It should be stressed that, as used herein, the term “plate” or “member” refers to any type of printing member or surface capable of recording an image defined by regions exhibiting differential affinities for ink and/or fountain solution. Suitable configurations include the traditional planar or curved lithographic plates that are mounted on the plate cylinder of a printing press, but can also include seamless cylinders (e.g., the roll surface of a plate cylinder), an endless belt, or other arrangement.
Furthermore, the term “hydrophilic” is used in the printing sense to connote a surface affinity for a fluid which prevents ink from adhering thereto. Such fluids include water for conventional ink systems, aqueous and non-aqueous dampening liquids, and the non-ink phase of single-fluid ink systems. Thus, a hydrophilic surface in accordance herewith exhibits preferential affinity for any of these materials relative to oil-based materials.
The term “substantially” means±10% (e.g., by weight or by volume), and in some embodiments, ±5%. The term “consists essentially of” means excluding other materials that contribute to function or structure. For example, a resin phase consisting essentially of a major amount of alkali-soluble novolac resin and a minor amount of one or more poly(vinyl phenol) polymers or copolymers combined with one or more vinyl phenol monomers may include other ingredients, such as a catalyst, that may perform important functions but do not constitute part of the polymer structure of the resin. Percentages refer to weight percentages unless otherwise indicated.
The foregoing discussion will be understood more readily from the following detailed description of the disclosed technology, when taken in conjunction with the single FIGURE of the drawing, which is an enlarged cross-sectional view of a positive-working printing member according to the invention.
The coated plate is imaged in an imaging device, typically by means of a modulated signal, e.g., a modulated near-IR laser. The laser is rastered over the plate surface while the laser intensity is modulated according to digital information so that only the background areas of the plate receive exposure. An imaging apparatus suitable for use in conjunction with the present printing members includes at least one laser device that emits in the region of maximum plate responsiveness, i.e., whose λmax closely approximates the wavelength region where the plate absorbs most strongly. Specifications for lasers that emit in the near infrared (IR) region are fully described in U.S. Pat. Nos. Re. 35,512 (“the '512 patent”) and 5,385,092 (“the '092 patent”), the entire disclosures of which are hereby incorporated by reference. Lasers emitting in other regions of the electromagnetic spectrum are well-known to those skilled in the art.

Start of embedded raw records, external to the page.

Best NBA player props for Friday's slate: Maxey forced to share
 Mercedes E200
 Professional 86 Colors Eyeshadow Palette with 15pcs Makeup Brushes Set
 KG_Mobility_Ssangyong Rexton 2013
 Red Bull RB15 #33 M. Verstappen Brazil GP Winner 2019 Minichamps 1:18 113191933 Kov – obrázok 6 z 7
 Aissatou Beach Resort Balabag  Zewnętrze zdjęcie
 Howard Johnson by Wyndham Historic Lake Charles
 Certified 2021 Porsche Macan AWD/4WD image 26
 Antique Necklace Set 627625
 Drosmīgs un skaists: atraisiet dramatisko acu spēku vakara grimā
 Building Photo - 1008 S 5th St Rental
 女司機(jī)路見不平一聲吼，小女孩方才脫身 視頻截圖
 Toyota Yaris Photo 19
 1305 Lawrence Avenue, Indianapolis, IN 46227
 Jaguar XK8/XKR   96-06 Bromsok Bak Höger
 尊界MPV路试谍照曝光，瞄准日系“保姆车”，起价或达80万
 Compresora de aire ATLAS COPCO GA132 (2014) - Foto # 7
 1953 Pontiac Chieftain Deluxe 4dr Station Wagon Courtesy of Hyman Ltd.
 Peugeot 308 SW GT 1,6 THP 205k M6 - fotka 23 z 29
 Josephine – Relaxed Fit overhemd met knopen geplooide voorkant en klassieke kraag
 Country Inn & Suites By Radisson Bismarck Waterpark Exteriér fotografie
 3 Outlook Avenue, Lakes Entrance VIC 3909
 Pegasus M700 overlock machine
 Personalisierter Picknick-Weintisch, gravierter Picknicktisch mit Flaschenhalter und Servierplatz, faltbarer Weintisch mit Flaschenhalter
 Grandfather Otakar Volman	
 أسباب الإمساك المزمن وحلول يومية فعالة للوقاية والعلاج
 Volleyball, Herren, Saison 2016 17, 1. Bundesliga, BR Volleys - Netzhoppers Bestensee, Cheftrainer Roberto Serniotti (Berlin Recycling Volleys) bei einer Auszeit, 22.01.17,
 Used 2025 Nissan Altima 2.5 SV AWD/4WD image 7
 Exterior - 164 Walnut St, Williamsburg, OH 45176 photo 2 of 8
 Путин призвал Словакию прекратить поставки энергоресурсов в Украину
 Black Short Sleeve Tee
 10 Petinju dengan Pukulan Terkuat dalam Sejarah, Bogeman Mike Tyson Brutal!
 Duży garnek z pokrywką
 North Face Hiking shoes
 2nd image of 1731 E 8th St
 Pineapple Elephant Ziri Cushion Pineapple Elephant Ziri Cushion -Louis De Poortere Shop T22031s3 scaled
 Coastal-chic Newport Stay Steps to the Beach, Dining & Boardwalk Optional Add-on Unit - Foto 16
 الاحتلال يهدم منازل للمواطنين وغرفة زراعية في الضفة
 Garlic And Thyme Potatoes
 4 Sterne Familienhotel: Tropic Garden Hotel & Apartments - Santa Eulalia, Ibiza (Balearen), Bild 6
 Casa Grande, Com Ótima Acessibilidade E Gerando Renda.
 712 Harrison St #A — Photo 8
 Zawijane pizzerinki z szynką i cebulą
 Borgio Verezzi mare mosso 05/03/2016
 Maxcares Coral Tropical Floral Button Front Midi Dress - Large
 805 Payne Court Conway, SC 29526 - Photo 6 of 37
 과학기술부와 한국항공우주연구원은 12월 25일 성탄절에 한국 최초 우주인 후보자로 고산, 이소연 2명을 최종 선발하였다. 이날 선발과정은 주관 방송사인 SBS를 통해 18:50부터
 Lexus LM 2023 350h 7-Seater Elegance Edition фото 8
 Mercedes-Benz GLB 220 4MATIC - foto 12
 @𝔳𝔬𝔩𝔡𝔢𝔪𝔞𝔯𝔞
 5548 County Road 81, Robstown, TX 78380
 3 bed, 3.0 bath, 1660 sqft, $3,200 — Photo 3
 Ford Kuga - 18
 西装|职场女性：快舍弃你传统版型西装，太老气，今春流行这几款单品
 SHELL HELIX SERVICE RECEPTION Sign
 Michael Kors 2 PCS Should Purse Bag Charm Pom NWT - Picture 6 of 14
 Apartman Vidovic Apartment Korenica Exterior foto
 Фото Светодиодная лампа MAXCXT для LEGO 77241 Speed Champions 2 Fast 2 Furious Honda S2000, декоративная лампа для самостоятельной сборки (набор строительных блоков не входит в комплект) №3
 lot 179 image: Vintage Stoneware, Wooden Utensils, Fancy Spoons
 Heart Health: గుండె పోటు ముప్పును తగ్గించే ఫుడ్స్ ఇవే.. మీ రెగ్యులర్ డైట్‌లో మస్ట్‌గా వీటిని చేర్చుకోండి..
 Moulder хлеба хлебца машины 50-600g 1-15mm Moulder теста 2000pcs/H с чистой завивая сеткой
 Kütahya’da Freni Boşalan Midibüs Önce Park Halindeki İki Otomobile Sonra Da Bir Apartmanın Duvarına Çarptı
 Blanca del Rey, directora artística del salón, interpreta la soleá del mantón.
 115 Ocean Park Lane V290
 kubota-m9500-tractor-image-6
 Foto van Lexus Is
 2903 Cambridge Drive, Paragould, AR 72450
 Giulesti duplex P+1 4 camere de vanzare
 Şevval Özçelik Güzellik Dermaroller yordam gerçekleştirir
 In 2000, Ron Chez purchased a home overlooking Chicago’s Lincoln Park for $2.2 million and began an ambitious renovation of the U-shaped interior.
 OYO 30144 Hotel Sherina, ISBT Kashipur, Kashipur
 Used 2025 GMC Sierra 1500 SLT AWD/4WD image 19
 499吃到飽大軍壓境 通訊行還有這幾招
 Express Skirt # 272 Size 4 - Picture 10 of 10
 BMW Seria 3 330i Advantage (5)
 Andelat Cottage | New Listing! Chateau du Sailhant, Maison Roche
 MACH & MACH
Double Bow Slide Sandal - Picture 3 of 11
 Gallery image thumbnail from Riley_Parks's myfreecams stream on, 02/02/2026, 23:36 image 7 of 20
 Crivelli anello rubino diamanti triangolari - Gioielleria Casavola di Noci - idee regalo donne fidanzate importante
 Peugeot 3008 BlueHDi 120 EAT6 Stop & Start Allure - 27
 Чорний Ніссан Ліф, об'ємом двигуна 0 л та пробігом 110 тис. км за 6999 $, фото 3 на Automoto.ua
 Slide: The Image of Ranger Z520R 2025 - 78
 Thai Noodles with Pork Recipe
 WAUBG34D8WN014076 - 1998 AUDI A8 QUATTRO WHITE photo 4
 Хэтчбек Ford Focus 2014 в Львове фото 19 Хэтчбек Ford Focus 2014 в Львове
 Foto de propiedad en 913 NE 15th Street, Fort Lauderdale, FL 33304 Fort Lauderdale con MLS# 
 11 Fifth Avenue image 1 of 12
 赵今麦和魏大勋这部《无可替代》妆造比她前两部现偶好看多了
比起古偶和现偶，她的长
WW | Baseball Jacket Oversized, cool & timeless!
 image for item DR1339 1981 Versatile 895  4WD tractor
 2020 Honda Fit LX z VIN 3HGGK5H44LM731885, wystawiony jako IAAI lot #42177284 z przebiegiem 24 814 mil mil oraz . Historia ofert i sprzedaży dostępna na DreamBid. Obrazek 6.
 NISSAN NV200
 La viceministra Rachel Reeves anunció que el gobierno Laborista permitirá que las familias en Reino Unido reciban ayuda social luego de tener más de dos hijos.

Suitable imaging configurations are also set forth in detail in the '512 and '092 patents. Briefly, laser output can be provided directly to the plate surface via lenses or other beam-guiding components, or transmitted to the surface of a blank printing plate from a remotely sited laser using a fiber-optic cable. A controller and associated positioning hardware maintain the beam output at a precise orientation with respect to the plate surface, scan the output over the surface, and activate the laser at positions adjacent selected points or areas of the plate. The controller responds to incoming image signals corresponding to the original document or picture being copied onto the plate to produce a precise negative or positive image of that original. The image signals are stored as a bitmap data file on a computer. Such files may be generated by a raster image processor (“RIP”) or other suitable means. For example, a RIP can accept input data in page-description language, which defines all of the features required to be transferred onto the printing plate, or as a combination of page-description language and one or more image data files. The bitmaps are constructed to define the hue of the color as well as screen frequencies and angles.
The level of the exposure depends on the power of the laser, the size of the laser spot, and the composition of the coating, but is preferably chosen to deliver an area energy density or fluence between 100 and 250 mJ/cm2, and more preferably between 125 and 200 mJ/cm2. Examples of suitable exposure devices are the COMPASS 8030 and the DIMENSION PRO 800, both provided by Presstek Inc. Other imaging systems, such as those involving light valving and similar arrangements, can also be employed; see, e.g., U.S. Pat. Nos. 4,577,932; 5,517,359; 5,802,034; and 5,861,992, the entire disclosures of which are hereby incorporated by reference. Moreover, it should also be noted that image spots may be applied in an adjacent or in an overlapping fashion.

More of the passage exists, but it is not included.